■ What you need to do:
Beginning with the line that holds "Certified 2023 Honda Civic Sport image 24" and ending with the last line of the entries, please output each line exactly, apart from any pictures.

>>>>>

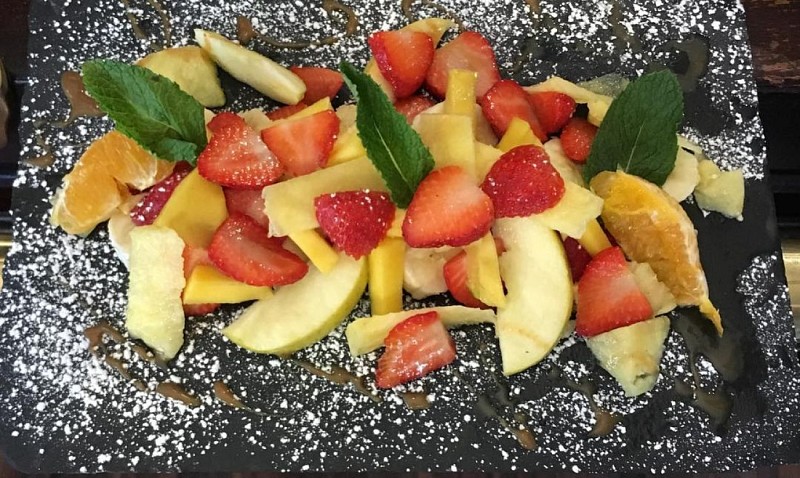 Les artistes ©Les artistes 4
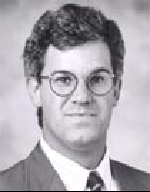 Dr. Alan Plotner, MD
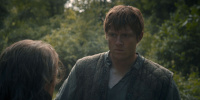 extant_AKnightOfTheSevenKingdoms_1x03-TheSquire_01285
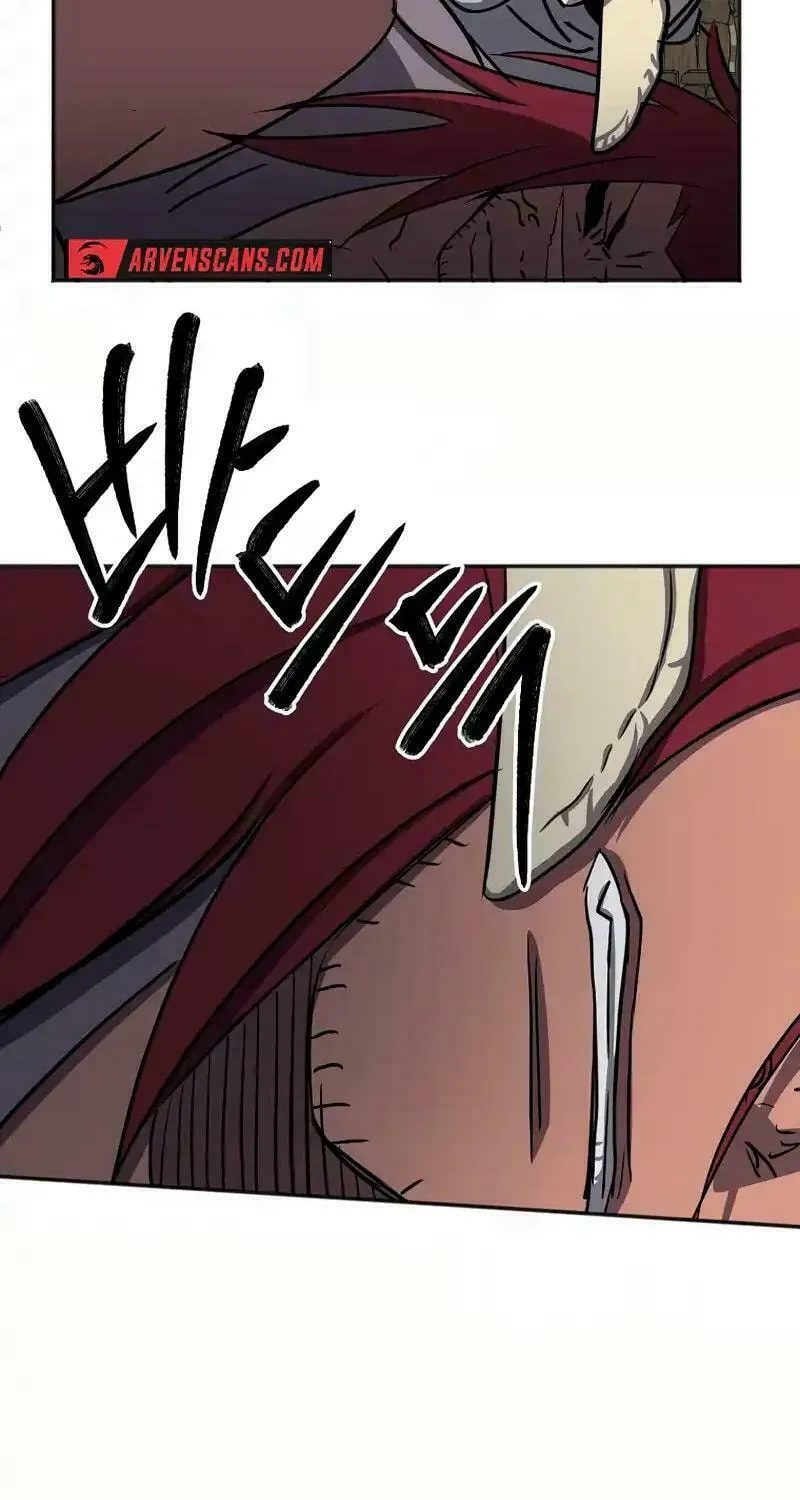 Read Two Moon chapter 59 image 26 on Lezhin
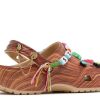 SZA x Wmns Classic Clog ”Woodgrain” SZA x Wmns Classic Clog ”Woodgrain”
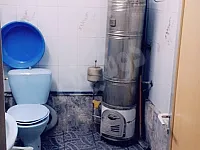 شقة للبيع في الميدان 5 غرف وصالون بسعر 130,000$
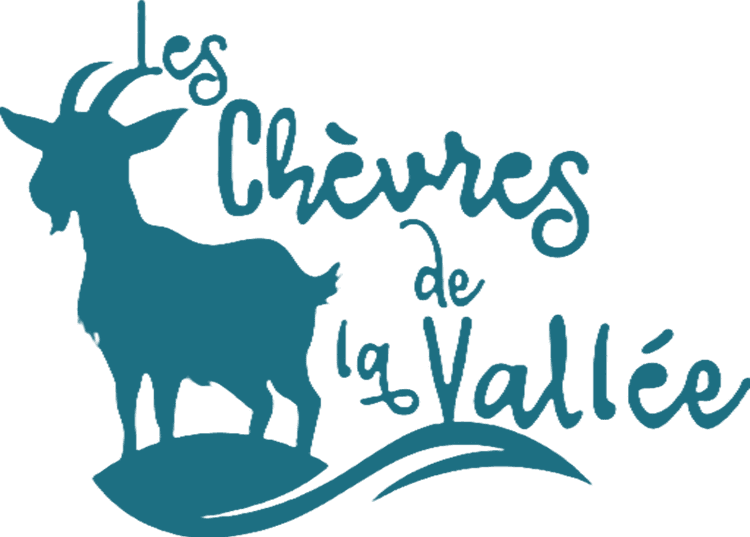 Les Chèvres de la Vallée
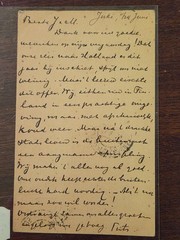 1914 WW1 postal history Postcard st Petersburg Amsterdam Netherlands Russia stam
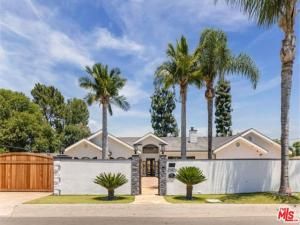 MLS #25612323 image #0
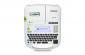 Принтер штрих-кодов Epson LabelWorks LW-700 продажа фото Принтер штрих-кодов Epson LabelWorks LW-700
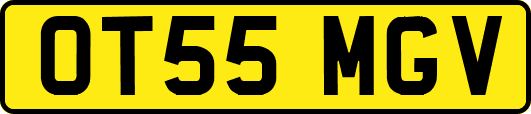 OT55MGV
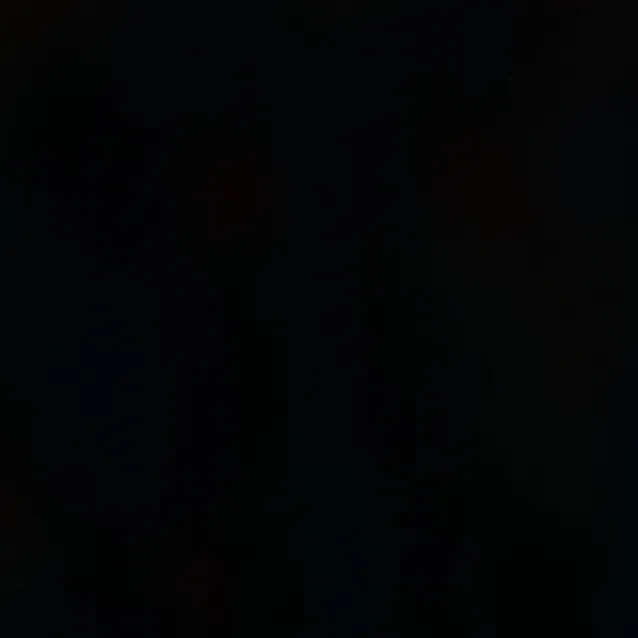 chat with ai character: Dandys world hater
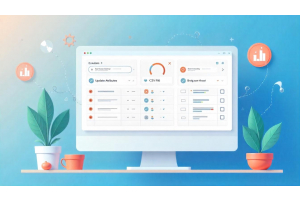 Complete Guide to Magento 2 Bulk Product Updates: Save Time and Boost Efficiency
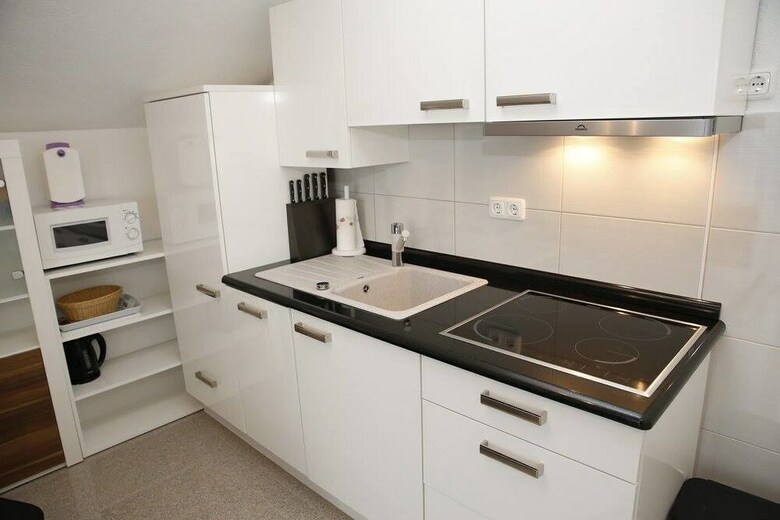 Apartments Simic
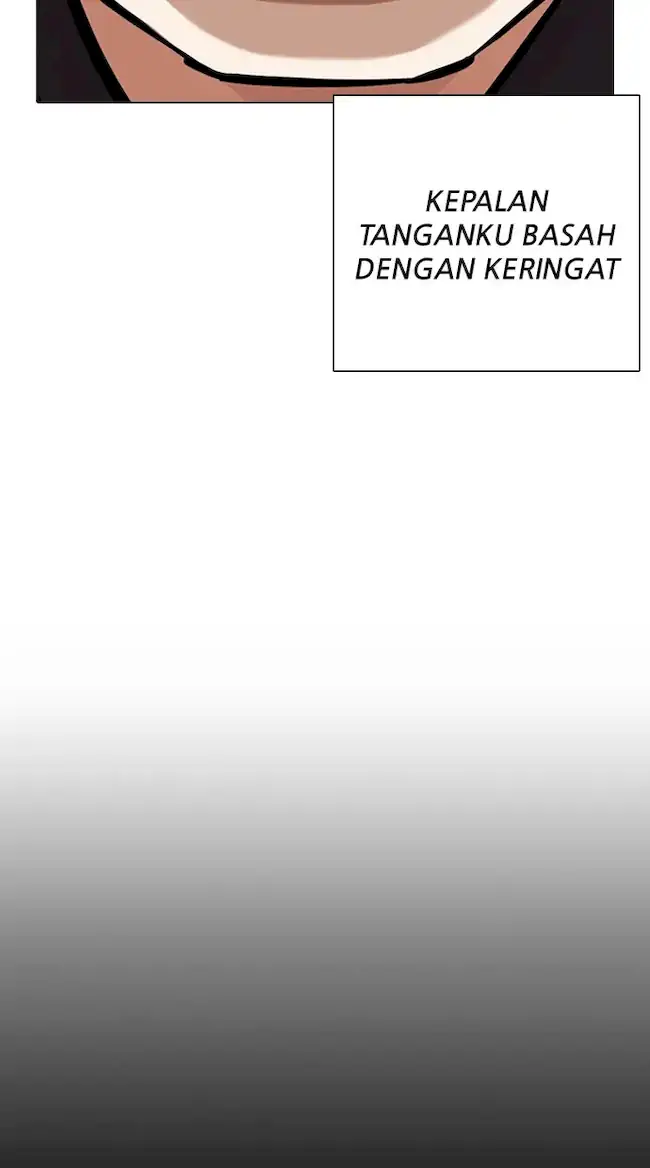 Lookism Chapter 342 Gambar 64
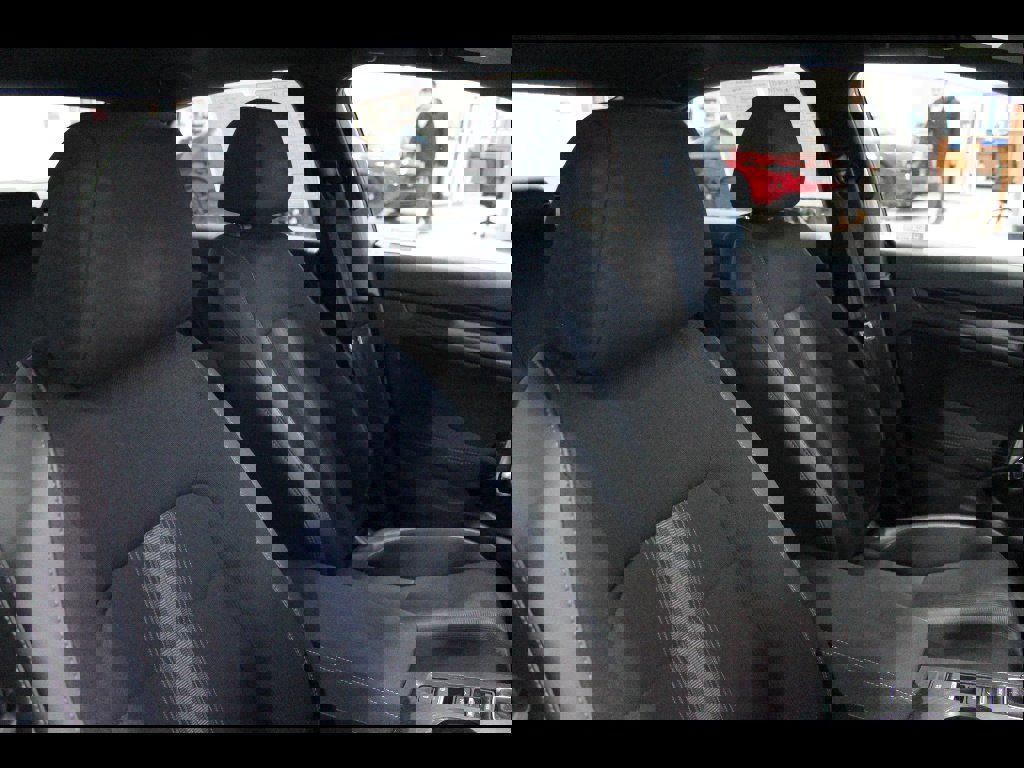 Certified 2023 Honda Civic Sport image 24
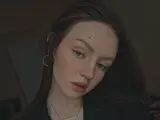 Porn hd MariamDarter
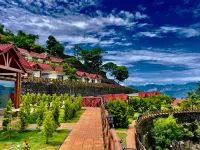 2 BHK Villa for Sale in Neelkanth Road, Rishikesh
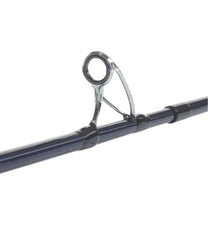 L.L.Bean Surf Rod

<<<<<

■ Reply to the exercise:
 Certified 2023 Honda Civic Sport image 24
 Porn hd MariamDarter
 2 BHK Villa for Sale in Neelkanth Road, Rishikesh
 L.L.Bean Surf Rod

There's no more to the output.